» Task item
Please return the listing below word for word, minus its pictures.

» Data shown
——
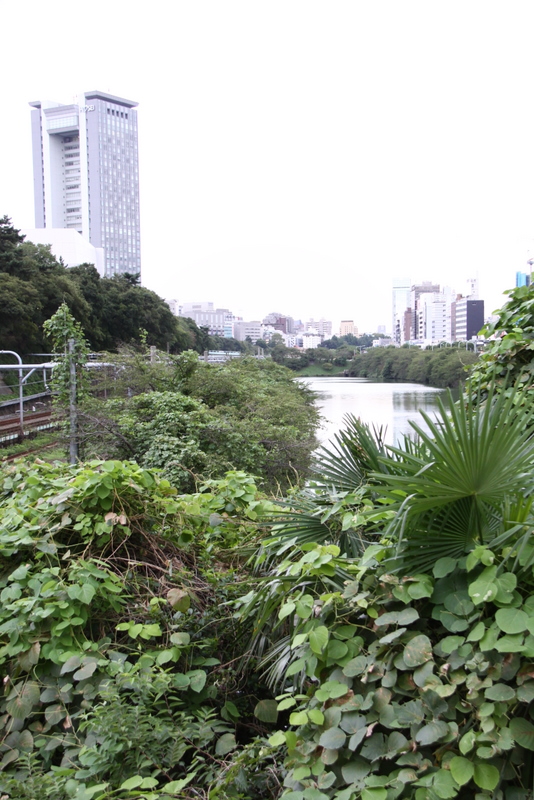 b0165522_18145691.jpg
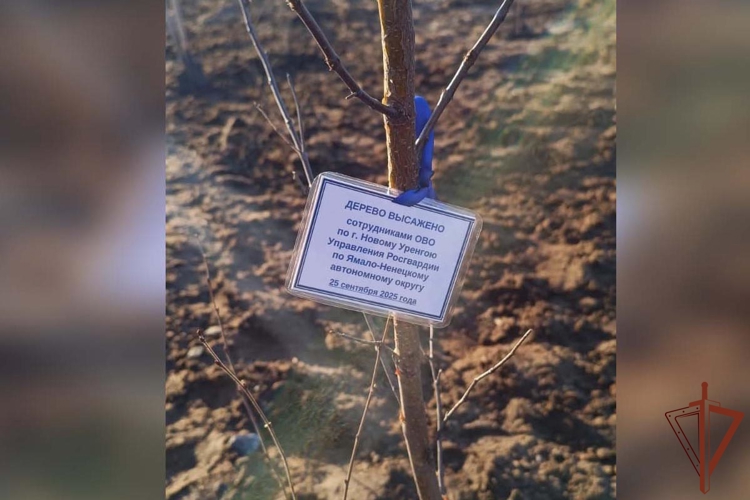 На Ямале в преддверии 50-летия города Новый Уренгой сотрудники Росгвардии заложили «Сад Памяти» (видео)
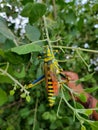 Attractive grasshopper on leafs.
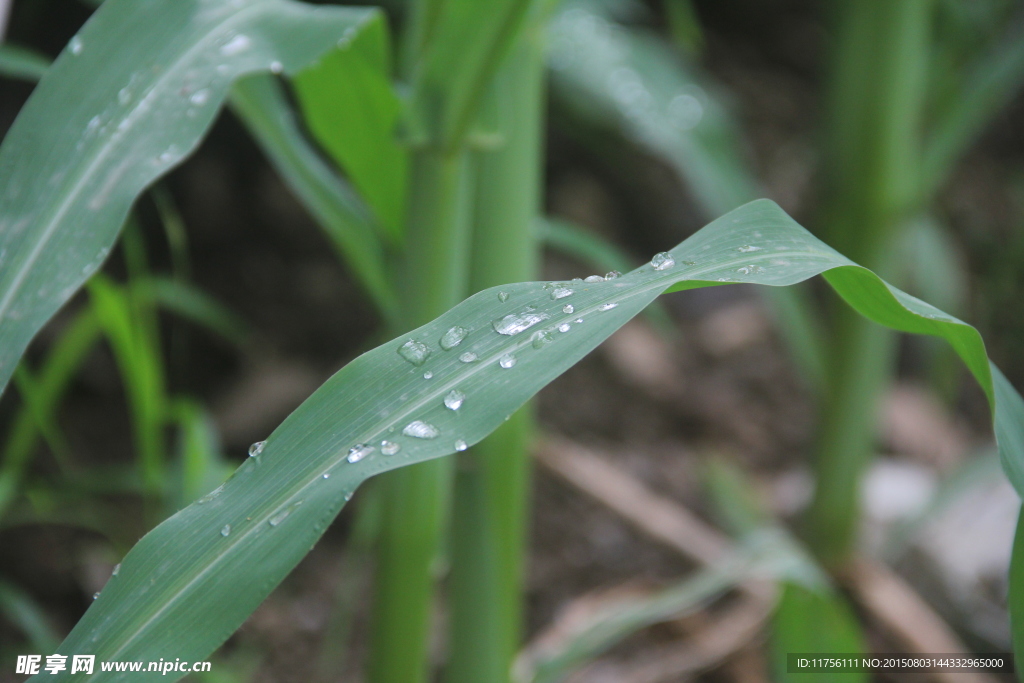 雨水珠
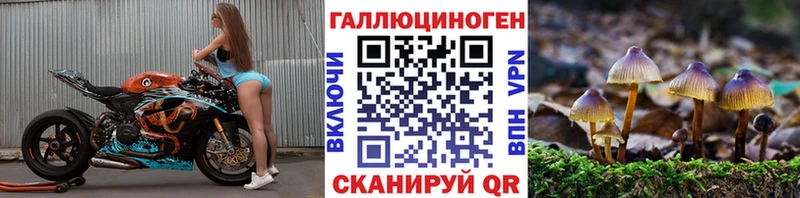 kraken ссылки  Агидель  Псилоцибиновые грибы Cubensis 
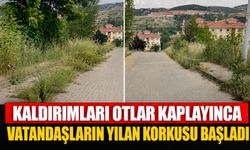 KALDIRIMLARI OTLAR KAPLAYINCA VATANDAŞLARIN YILAN KORKUSU BAŞLADI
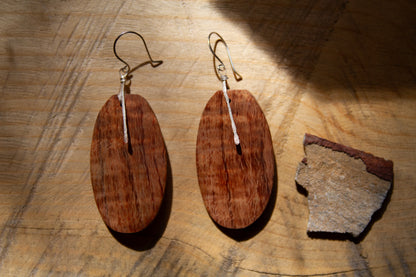 Earring Set V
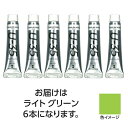 ターナー色彩 【6本×5セット】 U35ライトグリーン11ml(TURNER108857X5) 取り寄せ商品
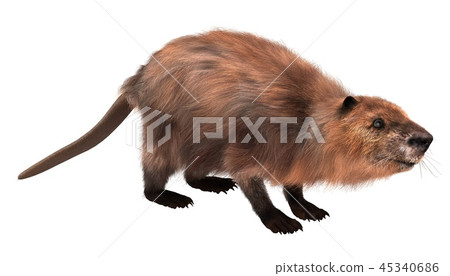 Beaver isolated on white background 3d illustration 45340686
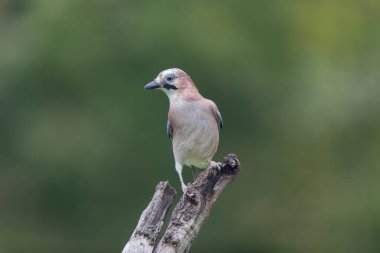 Avrupalı Jay Garrulus glandarius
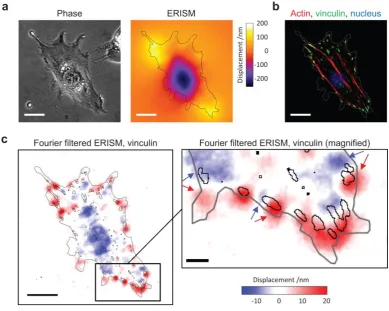 Figure 5 | Analysis of the horizontal stress applied by adherent 3T3 fibroblasts using ERISM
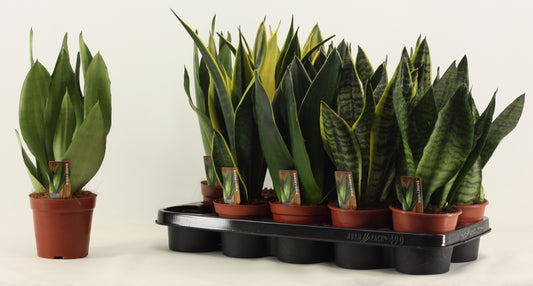 Sansevieria trifasciata 30cm 12cm Pot
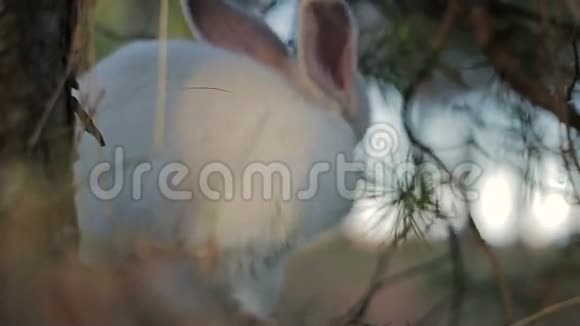 夏天森林里的白兔视频的预览图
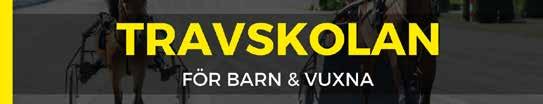 VIBY // 0 M VOLTTART TART 9. VINNARE PLAT Erik Cederqvists Minneslopp Fyraåringslopp (Ingår i Destination Gotlands Fyraåringsserie) åriga lägst 0.00 kr. Körsvenskrav kat.. 0 m. Tillägg 0 m vid vunna.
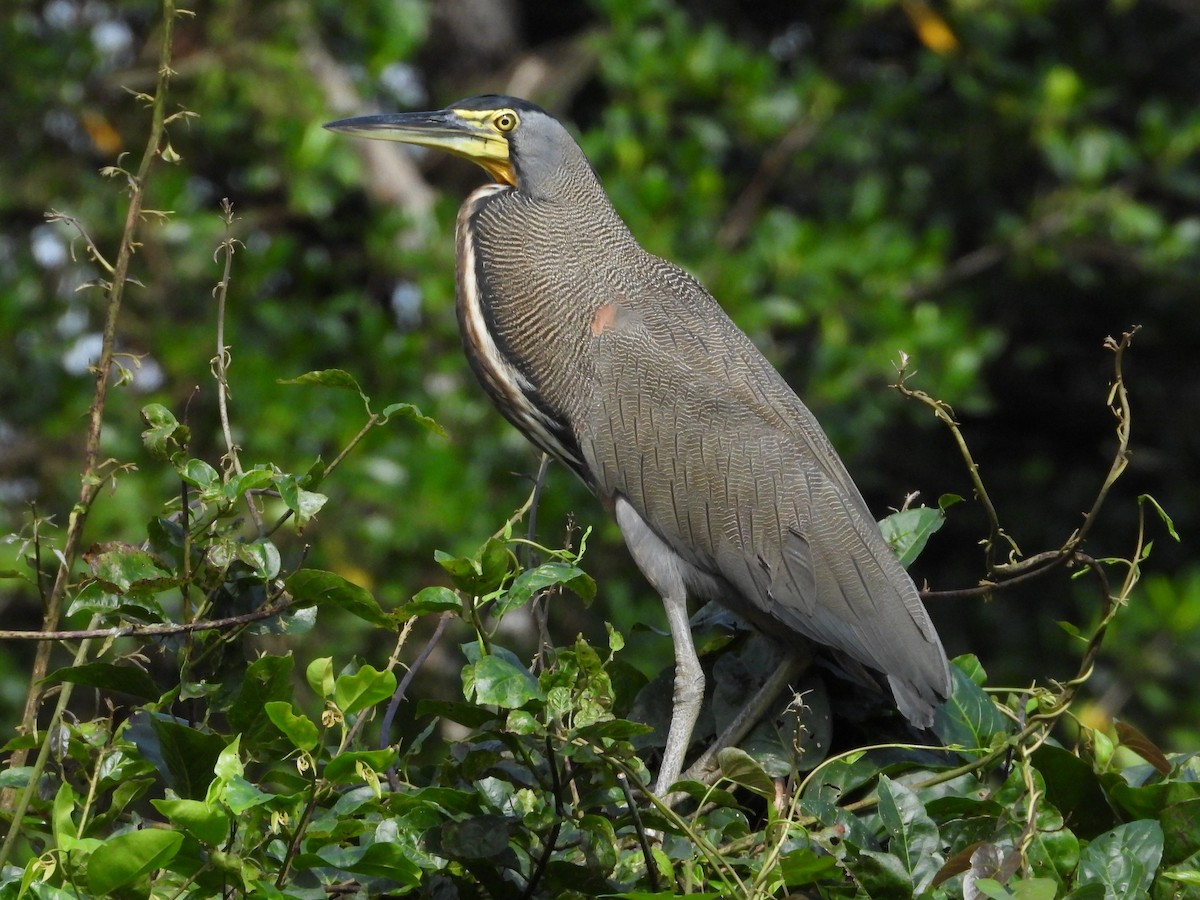 Bare-throated Tiger-Heron - ML298473971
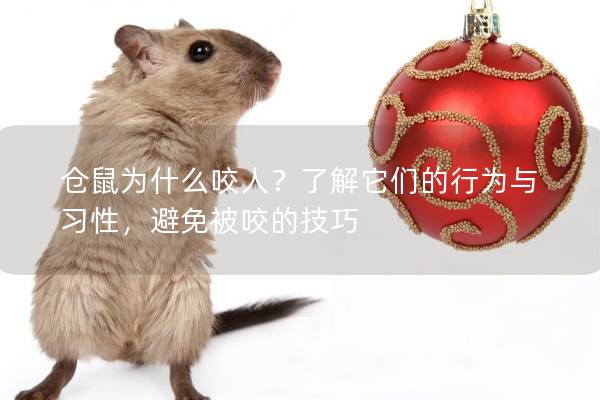 仓鼠为什么咬人？了解它们的行为与习性，避免被咬的技巧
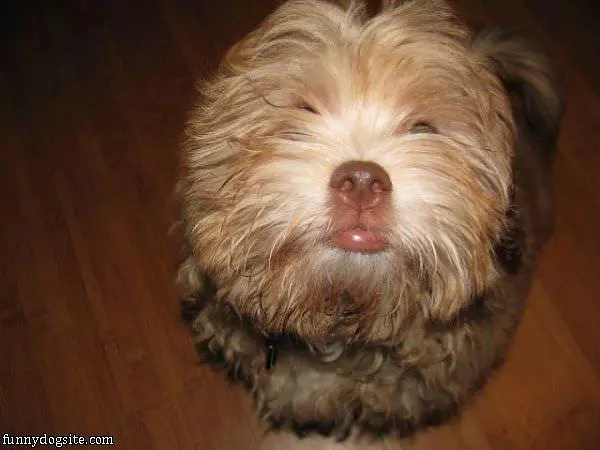 Very Cute Face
——
» Written response
 b0165522_18145691.jpg
 На Ямале в преддверии 50-летия города Новый Уренгой сотрудники Росгвардии заложили «Сад Памяти» (видео)
 Attractive grasshopper on leafs.
 雨水珠
 kraken ссылки  Агидель  Псилоцибиновые грибы Cubensis 
 KALDIRIMLARI OTLAR KAPLAYINCA VATANDAŞLARIN YILAN KORKUSU BAŞLADI
 Earring Set V
 ターナー色彩 【6本×5セット】 U35ライトグリーン11ml(TURNER108857X5) 取り寄せ商品
 Beaver isolated on white background 3d illustration 45340686
 Avrupalı Jay Garrulus glandarius
 Figure 5 | Analysis of the horizontal stress applied by adherent 3T3 fibroblasts using ERISM
 Sansevieria trifasciata 30cm 12cm Pot
 夏天森林里的白兔视频的预览图
 VIBY // 0 M VOLTTART TART 9. VINNARE PLAT Erik Cederqvists Minneslopp Fyraåringslopp (Ingår i Destination Gotlands Fyraåringsserie) åriga lägst 0.00 kr. Körsvenskrav kat.. 0 m. Tillägg 0 m vid vunna.
 Bare-throated Tiger-Heron - ML298473971
 仓鼠为什么咬人？了解它们的行为与习性，避免被咬的技巧
 Very Cute Face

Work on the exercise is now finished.